3. Safely Generating HTML: format_html()



One of the most powerful and important functions.

There may be times you need to dynamically generate HTML in Python code (e.g., in views.py or models.py). For example, a model's method may want to return a link formatted a certain way in the admin page.

If you assemble strings using Python’s f-string or + operator, you can be very susceptible to XSS attacks.

format_html(format_string, *args, **kwargs) automatically escapes all arguments (excluding format_string itself) before inserting them into the string. And the final result is marked as “this HTML is safe” (mark_safe), so it renders without escaping in the template.

Example: (Creating an edit link in a model method for the admin page)

from django.db import models
from django.utils.html import format_html
from django.utils.text import slugify

class Post(models.Model):
    title = models.CharField(max_length=100)

    def get_edit_link(self):
        # [Bad Example] f-string: if self.title contains <script> it will cause XSS
        # return f'<a href="/admin/blog/post/{self.id}/change/">{self.title}</a>'

        # [Good Example] using format_html
        # self.id and self.title will be escaped automatically.
        url = f"/admin/blog/post/{self.id}/change/"
        return format_html(
            '<a href="{}">{} (edit)</a>',
            url,
            self.title  # If title is "My<script>..." it will change to "&lt;script&gt;"
        )

4. Text Formatting Helpers: linebreaks and urlize

These functions are the original functions behind the template filters (|linebreaks, |urlize) and are useful when converting plain text to HTML format.

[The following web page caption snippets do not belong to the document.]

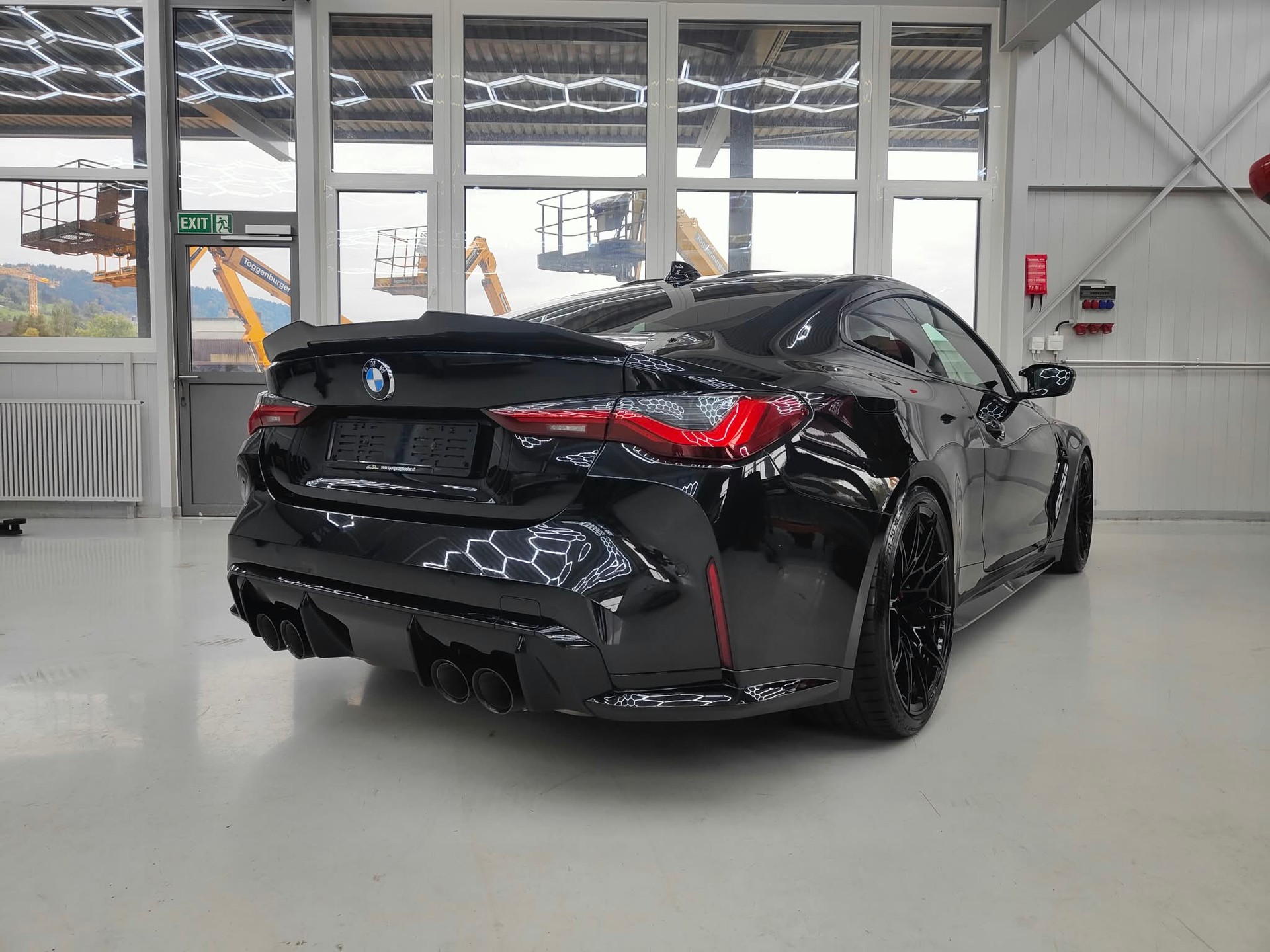 BMW M4 Coupé Competition M xDrive-image-5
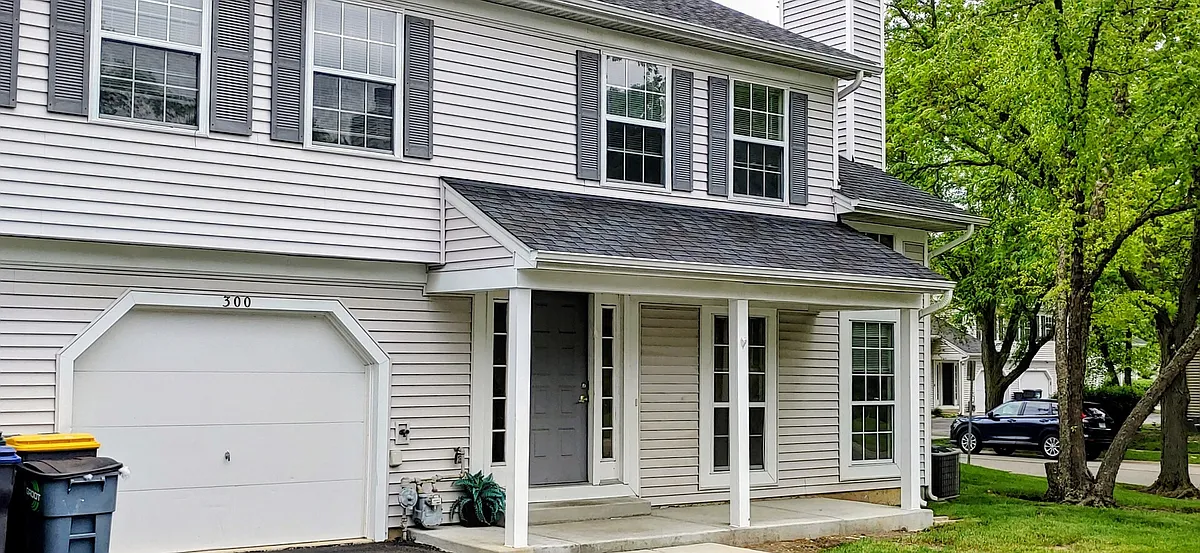Building Photo - 300 Teak Ln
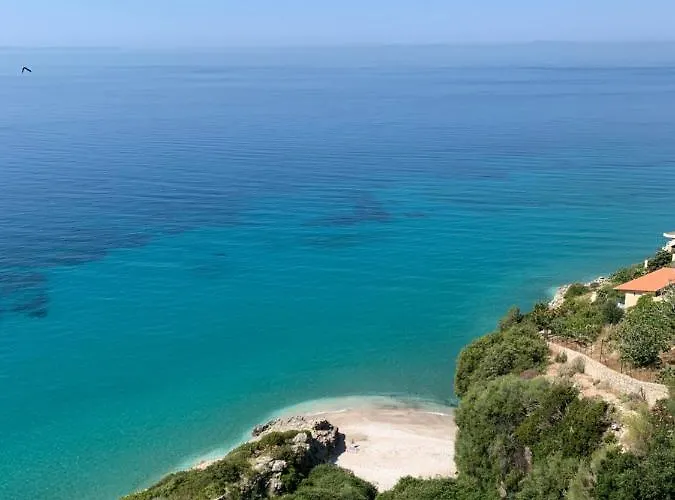 Odhisea Hotel Qeparo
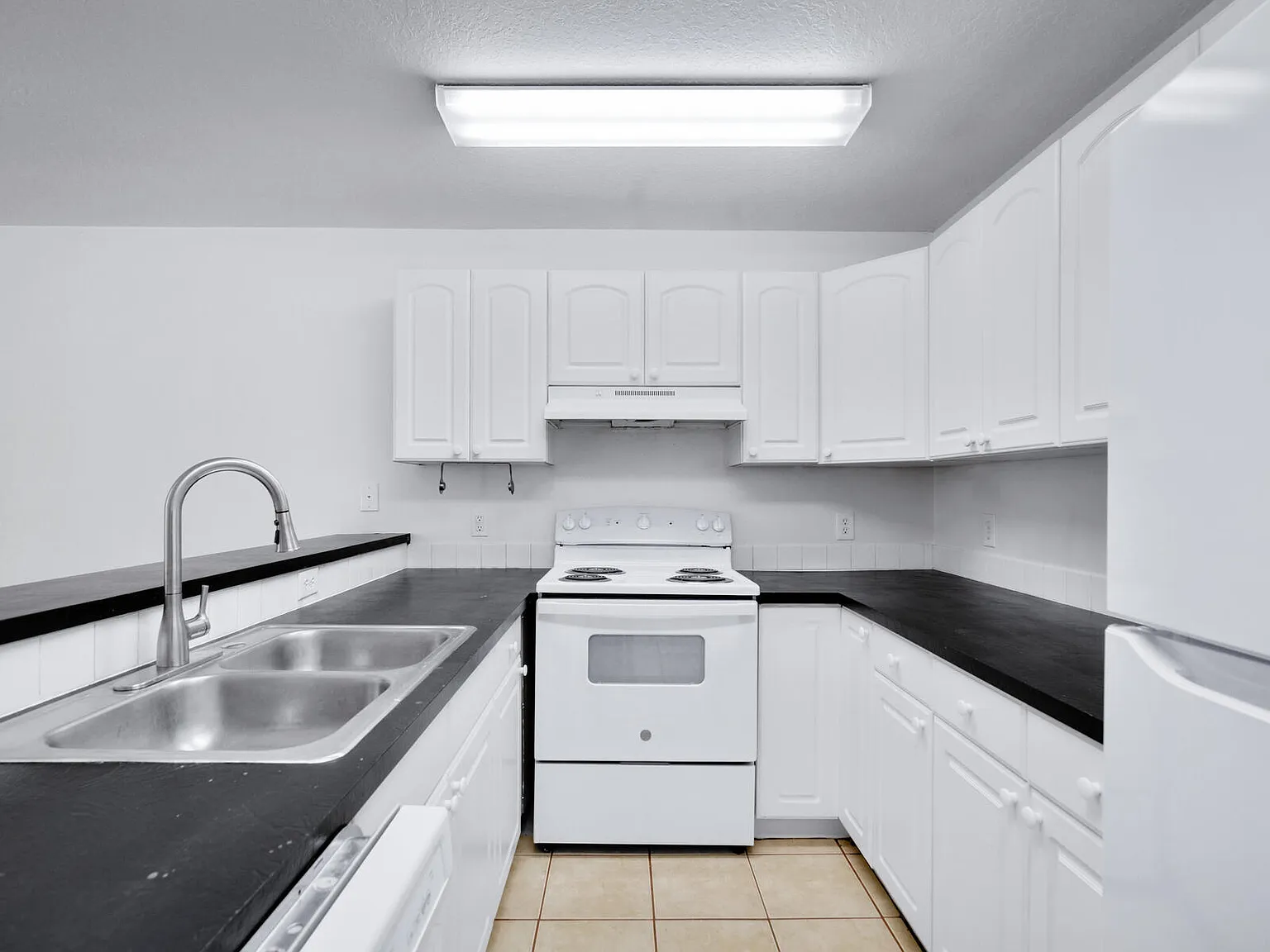 4 bed, 1201 sqft, $2,500 — Photo 4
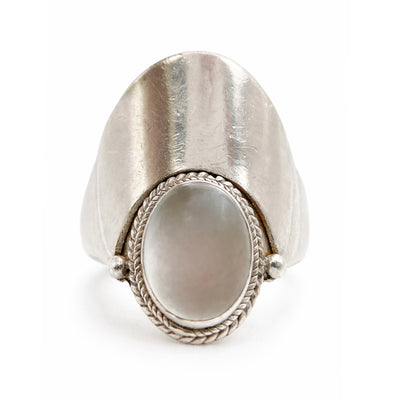 Sidabro žiedas su akmeniu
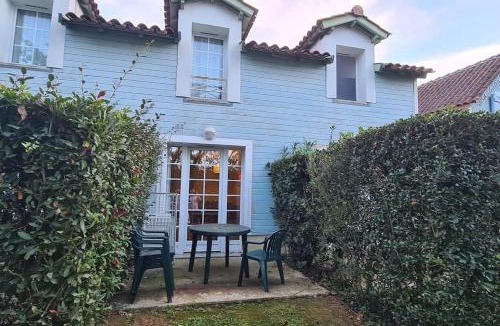 Marciac House | Cute Cottage with Pool at Marciac Lake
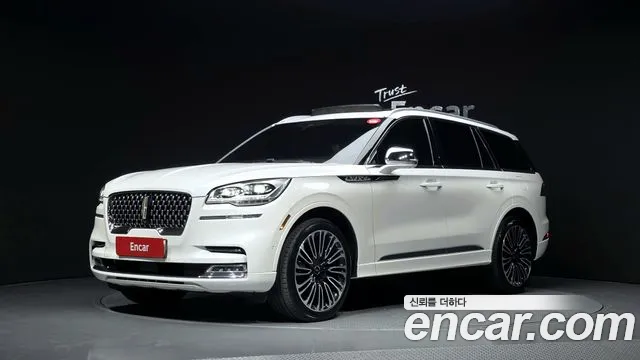 Lincoln Aviator — экстерьер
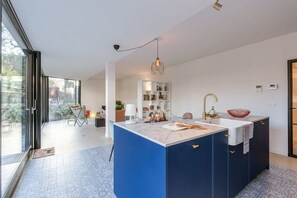 อพาร์ทเมนท์, พร้อมสิ่งอำนวยความสะดวกสำหรับผู้พิการ | 3 ห้องนอน, อินเทอร์เน็ตความเร็วสูง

  • linebreaks(text): Converts line break characters (\n) in plain text to HTML's <p> or <br> tags. It's useful for displaying text entered by users in a textarea while maintaining formatting.
  • urlize(text): Automatically wraps URL patterns like http://..., https://..., and www... in <a> tags within the text.

Example:

from django.utils.html import linebreaks, urlize

raw_text = """Hello.
Testing django.utils.html.

Visit site: https://www.djangoproject.com
"""

# 1. Apply line breaks
html_with_breaks = linebreaks(raw_text)
# Output (approximately):
# <p>Hello.<br>Testing django.utils.html.</p>
# <p>Visit site: https://www.djangoproject.com</p>

# 2. Apply URL links
html_with_links = urlize(html_with_breaks)
# Output (approximately):
# ...
# <p>Visit site: <a href="https://www.djangoproject.com" rel="nofollow">https://www.djangoproject.com</a></p>

5. Safely Combining Multiple Items into HTML: format_html_join()

While format_html() formats a single item, format_html_join() is used to safely combine multiple items (like lists or tuples) into HTML.

It is used in the format: format_html_join(separator, format_string, args_list).

  • separator: HTML used to separate each item (e.g., '\n', <br>)
  • format_string: HTML format to apply to each item (e.g., <li>{}</li>)
  • args_list: A list of data to sequentially substitute into format_string

Example: (Converting a Python list into <ul> tags)

from django.utils.html import format_html_join
from django.utils.safestring import mark_safe

options = [
    ('item1', 'Item 1'),
    ('item2', '<strong>Risky Item 2</strong>'),
]

# In format_string, {} refers to the entire tuple from args_list.
# {0} refers to the first element of the tuple, and {1} refers to the second.
# 'Item 1' and '<strong>...' parts will be escaped automatically.
list_items = format_html_join(
    '\n',  # Separate each item by new lines
    '<li><input type="radio" value="{0}">{1}</li>', # Format for each item
    options  # Data list
)

# list_items will become a 'safe' HTML fragment.
final_html = format_html('<ul>\n{}\n</ul>', list_items)

# When rendering final_html in Django template with {{ final_html }}...

Output (HTML source):

<ul>
<li><input type="radio" value="item1">Item 1</li>
<li><input type="radio" value="item2">&lt;strong&gt;Risky Item 2&lt;/strong&gt;</li>
</ul>

6. Safely Passing Data as / Tag: json_script()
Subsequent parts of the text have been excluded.